** Study material follows **

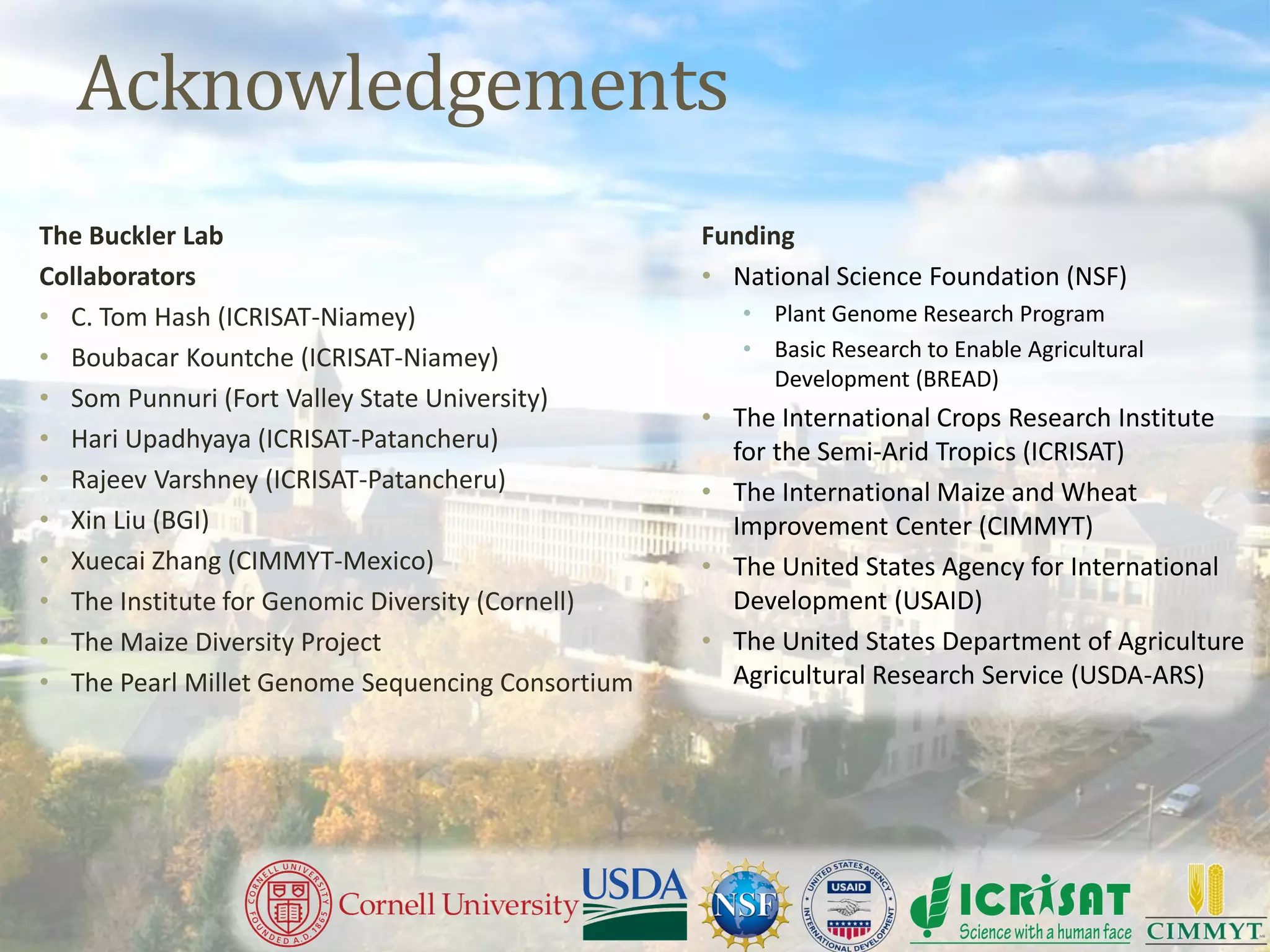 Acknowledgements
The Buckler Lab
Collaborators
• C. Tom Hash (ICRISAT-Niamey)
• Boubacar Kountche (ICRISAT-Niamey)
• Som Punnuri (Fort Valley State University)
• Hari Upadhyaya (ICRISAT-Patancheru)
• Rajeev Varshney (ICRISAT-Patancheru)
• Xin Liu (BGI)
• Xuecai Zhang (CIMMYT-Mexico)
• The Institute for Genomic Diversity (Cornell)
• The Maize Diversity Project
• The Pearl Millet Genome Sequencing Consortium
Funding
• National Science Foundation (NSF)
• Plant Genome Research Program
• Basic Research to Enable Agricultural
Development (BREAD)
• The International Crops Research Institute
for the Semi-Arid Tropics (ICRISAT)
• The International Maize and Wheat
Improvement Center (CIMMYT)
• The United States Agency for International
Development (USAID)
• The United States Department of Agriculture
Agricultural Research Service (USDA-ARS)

** End of Study material **

*What you need to do:*
What lines of the listing contain the word "Genome"? Copy them all.

*Output for this task:*
• The Pearl Millet Genome Sequencing Consortium
• Plant Genome Research Program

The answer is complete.